You mentioned packing a flash. When would you introduce it when shooting wildlife/nature?

A macro ring flash really opens up what you can do with your macro lens. The novelty of the super-thin depth of field and extra blurry background achieved at the f/2.8 end does wear off, and I found I wanted to capture more detail, right the way through the flower/insect/pattern.

Shooting at f/22 or higher gives this, but you need heaps of light to get a fast enough photo. A regular flash doesn’t get in close enough and also gives nasty top-light shadows, but a ring flash spills plenty of light evenly on all sides, allowing amazing depth of field, as well as the ability to dial-down the ambient light so the background goes jet-black isolating your subject beautifully.

For those who want to follow in your footsteps, and do this type of photography professionally, what would be the one piece of advice you would give them?
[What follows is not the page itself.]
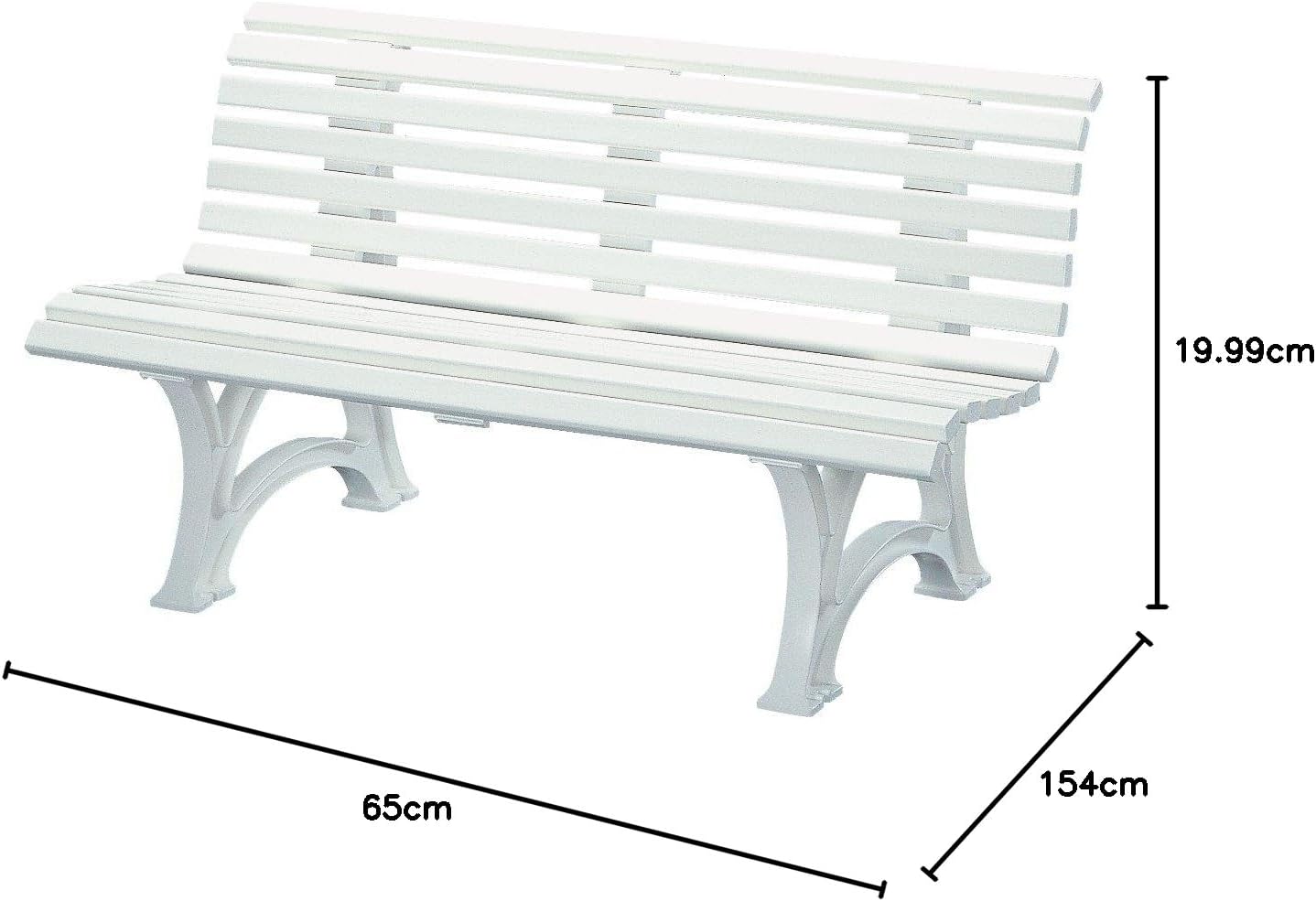 Tillmann Neptun/Helgoland Garden Bench Plastic Frame White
Rather than formally study photography then become an assistant for ages, I think you’ll get where you want to be faster if you just get out there and start doing whatever it is you want to do, and then try and market yourself with your results. I’m not saying it’s all smoke and mirrors, but with enough enthusiasm, dedication, networking and marketing, a lot of things can come easily within reach.
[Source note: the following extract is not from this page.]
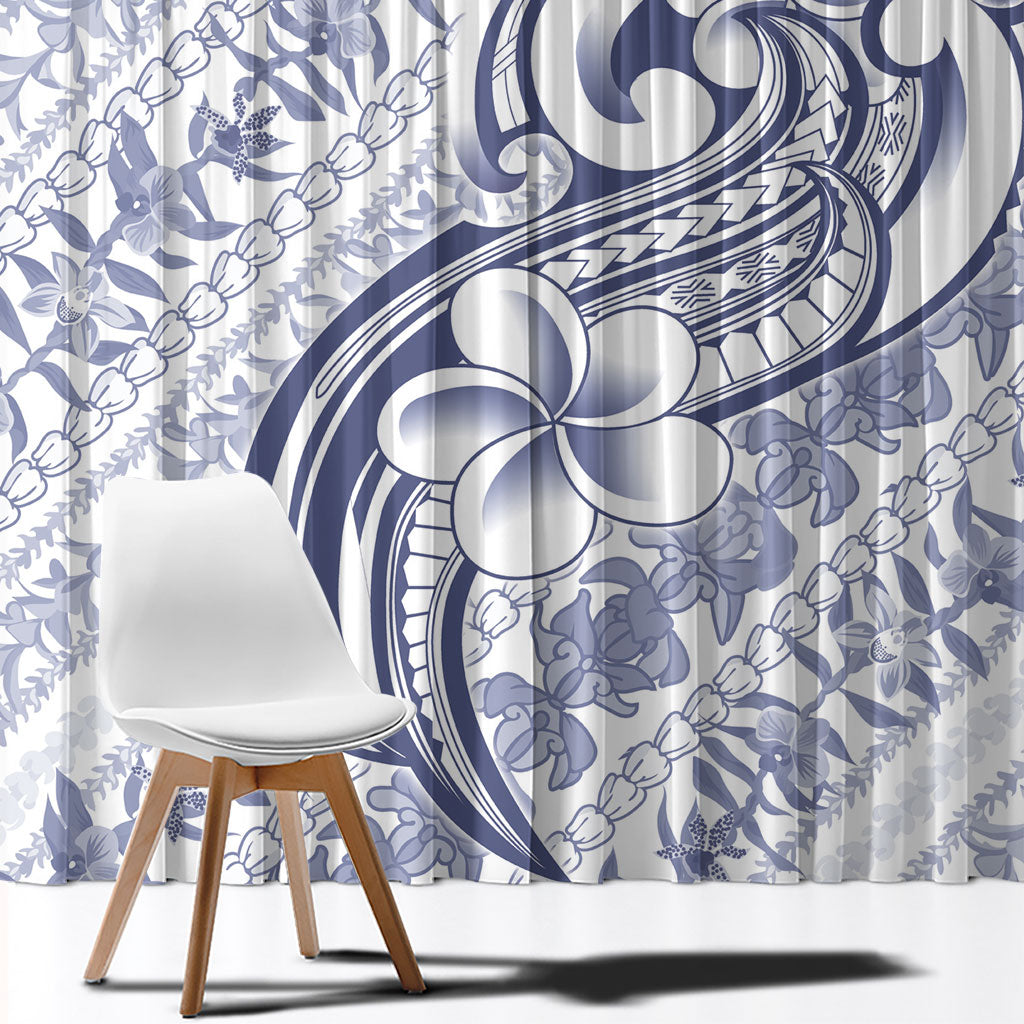 Hawaii Plumeria Lokelani Pikake Lei Window Curtain Navy Blue Polynesian Tattoo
That is great advice Chris. Can you give us a couple of pointers on how to get noticed by publications such as National Geographic?
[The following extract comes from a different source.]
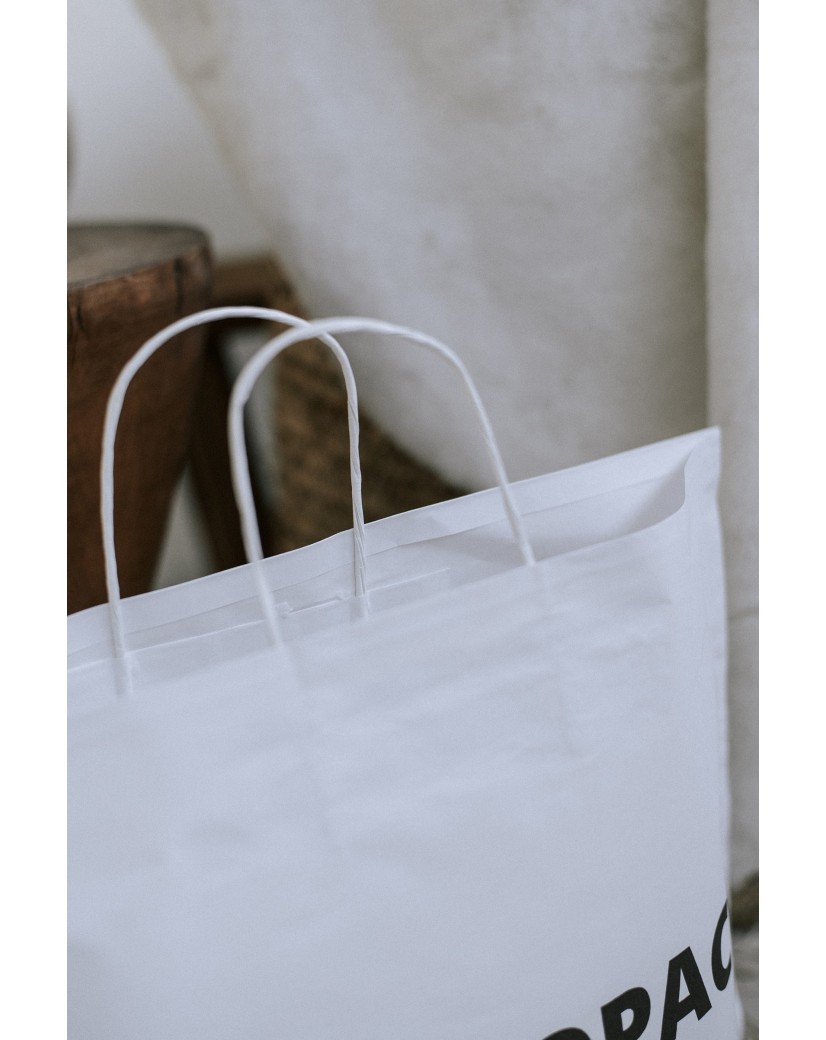 Weiße Papiertüten im Querformat – Größe L (60×16×45 cm)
For sure. Rather than bombard the editor or photo editor with a portfolio of your best 20 shots (which they probably won’t even have time to look at), you’re better off getting an ‘in’ by submitting to the ‘Readers Photos’ section in all these types of magazines. Then you know there’s someone who’s job it is to look at them, select one, and perhaps get it into the magazine or web. Then, once you’ve caught their eye, you’ve a better chance to stay connected, and network. I know people who’ve then gone on to sell articles to magazines after that.

photo safari

You are also running courses locally (in Australia) as well as safaris to exotic locations such as Kenya, Alaska and the Galapagos. How big are the groups in general and what would people expect to learn and experience when they partake in one of your safaris?

Our philosophy is simplifying photography and empowering everyone to gain more enjoyment from their passion. We like to keep our safari groups small and friendly (typically just eight guests, with two pro photography tutors – so a ratio of 4:1) so that no one misses a shot and there’s plenty of time for relaxed, one-on-one help. With special photography access permits to the world’s best locations, there’s simply no better way to master your photography and have an incredible holiday – all at the same time!

We run our 1-day photography courses at zoos and other great venues all around Australia (including Sydney, Perth, Melbourne, Brisbane, Adelaide, Canberra and Hobart) providing a quiet, sit-down function room for the theory parts (accompanied by gourmet catering) and easy access just out side to inspiring test subjects for all the practical sessions!

These popular days cover everything from composition, aperture, and exposure compensation, though to ISO, lighting, lenses, histograms, white balance and much more!

 

Wow, that sounds like fun! I’m sure there will be lots of interested folks who would want to sign up. All the best in your endeavours Chris, and thank you for taking the time to talk to us at F Stop Lounge.

Oh, it’s been my pleasure! Thanks very much for having me F Stop Lounge – a very comfy place to do an interview, with just my kind of audience!